# Selling (1) Tivo Bolt and (2) Tivo Minis



## 4thesporty (Mar 1, 2016)

$450 shipped to the lower 48 if sold outside of eBay.

copied from my eBay listing:

http://www.ebay.com/itm/1-TiVo-BOLT-2-TiVo-Minis-w-lifetime-service-/272297319327?

This is a package that contains (1) TiVo Bolt (500GB) and (2) TiVo Minis.

I bought all three of these in February 2016 and have used them in my house since then. Everything works great but we have decided to go to a cable service that these are not compatible with (AT&T Uverse).

The two Minis come with lifetime service and the Bolt has service through February 2017 (see screen shot for confirmation).

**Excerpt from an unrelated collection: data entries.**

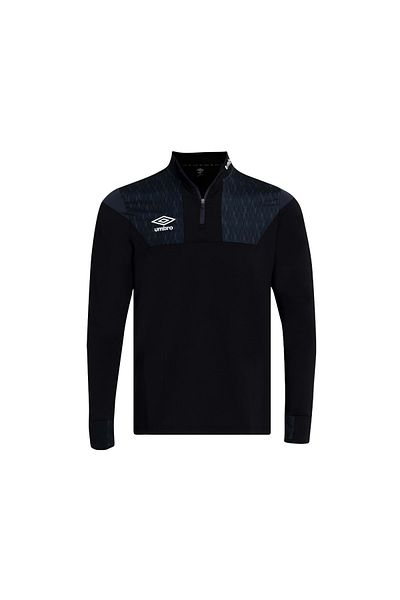 UMBRO Diamond Training Sweat Training Single Top - Black - m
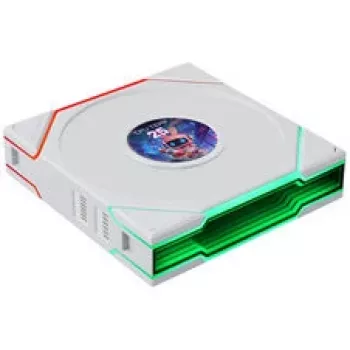 Lian Li UNI FAN TL120 LCD FLEX Wireless ARGB wit 120 mm Reverse Blade behuizingsventilator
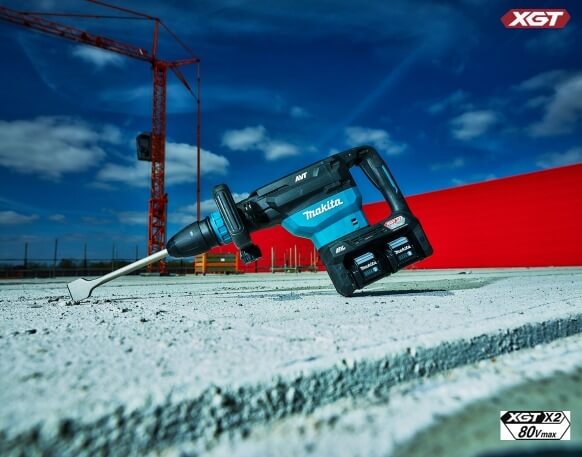 HM002GZ03 2x40 V Max Breekhamer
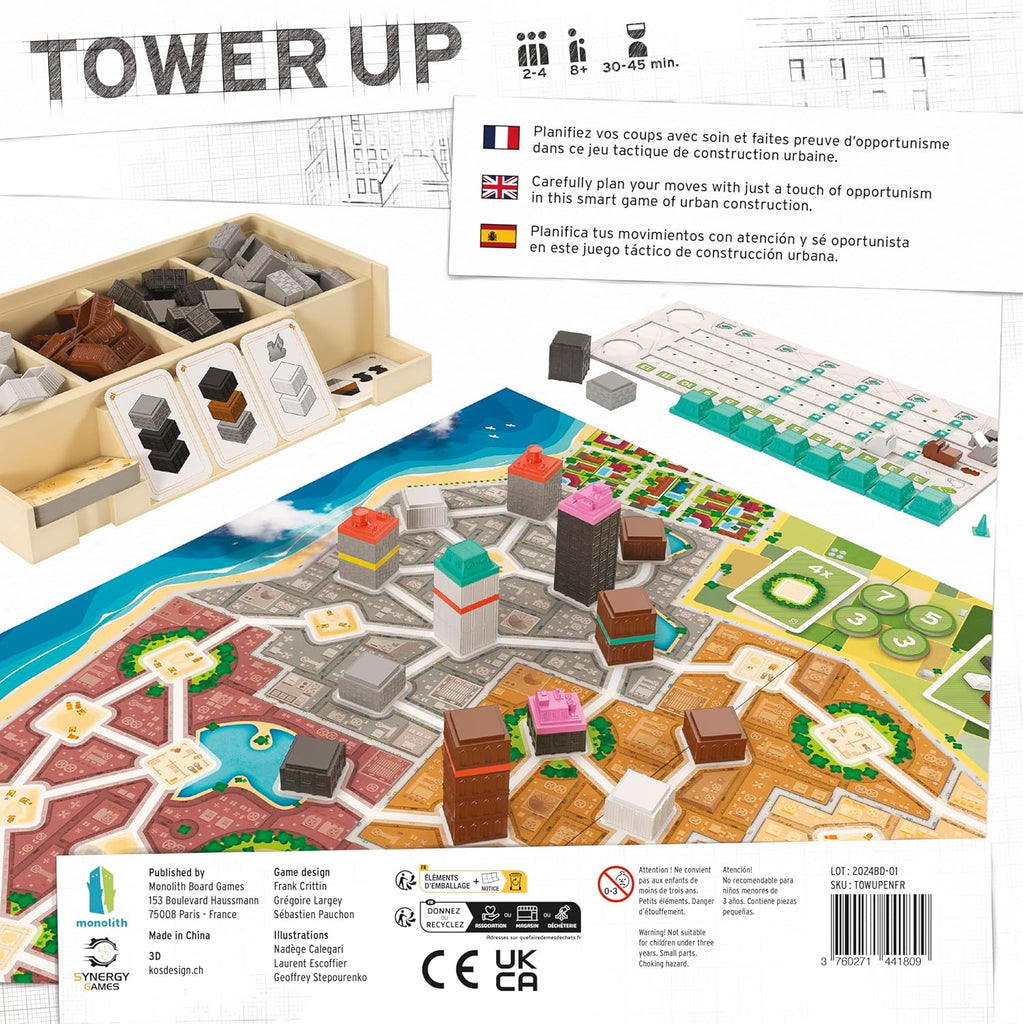 Monolith Board Games: Tower Up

Each unit comes with its original power cord, HDMI cable, and remote. All is in the original packaging and will ship just like the last picture.

This auction is NO RESERVE AND FREE SHIPPING! GOOD LUCK!

edit: Because it has been asked, the two TiVo Minis are the newest generation units. The remotes that come with them are RF. No need for line of sight. The Bolt also comes with an RF remote.


----------



## Dan203 (Apr 17, 2000)

Lifetime on the Bolt?


----------



## 4thesporty (Mar 1, 2016)

Dan203 said:


> Lifetime on the Bolt?


No, Bolt came with 1 year of service....service till late February 2017.

Lifetime on the two Minis.


----------



## dougdingle (Jul 4, 2007)

Any interest in selling one of the Minis with remote separately?


----------



## 4thesporty (Mar 1, 2016)

This is Sold.


----------